Climate change UK - mind the gap!
The UK Climate Change Committee (CCC) advises the government on how to tackle and prepare for climate change.
Mapping individuals’ actions to national challenges
The UK Climate Change Committee (CCC) advises the government on how to tackle and prepare for climate change. Under the Climate Change Act of 2008, the UK government releases a Climate Change Risk Assessment (CCRA), which is informed by the CCC’s independent advice report.
The last CCRA identified a gap in knowledge around what actions people in the UK were already undertaking to address or prepare for the impacts of climate change. Therefore, the CCC commissioned AECOM to conduct research to address this knowledge gap, which has subsequently informed the third independent CCRA, released in January 2022.

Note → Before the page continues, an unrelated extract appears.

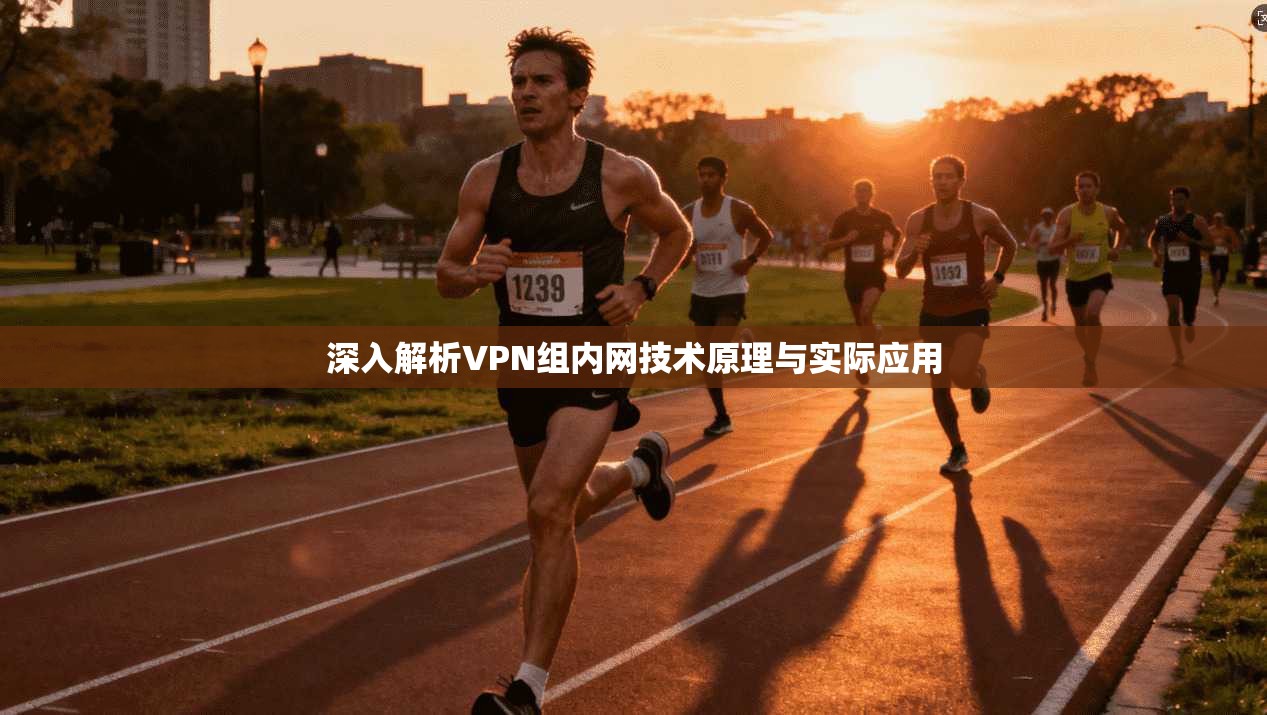 深入解析VPN组内网技术原理与实际应用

Finding and fixing risky behaviors
In a truly collaborative approach, we partnered with Sustainability West Midlands (SWM), Sniffer, Climate Northern Ireland (CNI) and London Climate Change Partnership (LCCP), on an extensive research project to understand the effect of different behaviors on climate change risk. This considered different hazards (such as flooding and droughts), target groups (including households, land managers, small and medium enterprises), landscape types and socioeconomic circumstances in the UK.
We carried out both primary and secondary research, including a systematic literature review to identify current findings on the types of self-directed adaptation behaviors present in the UK, the underlying factors driving adaptation behavior, how these behaviors impact risk, and how incentives could be used to increase or decrease behaviors.
Rigor and engagement reveal urgent truths
We then developed and facilitated a new methodology termed the National Importance Score, which included surveys and semi-structured interviews in six locations across the UK, to rank the importance of identified behaviors against their impact on risk.
Fundamental to the project was our continuous engagement and collaboration with key stakeholders and experts throughout the research to ensure the robustness of our methodology and findings. This methodology aligns with the CCC’s urgency risk scoring framework and provides a high-level decision-making support tool for policymakers and practitioners.
Together with the other studies conducted in preparation of the CCRA3, our research contributed to the conclusion that action to improve the UK’s resilience is falling behind the impacts of climate change risks facing the UK and that more needs to be done.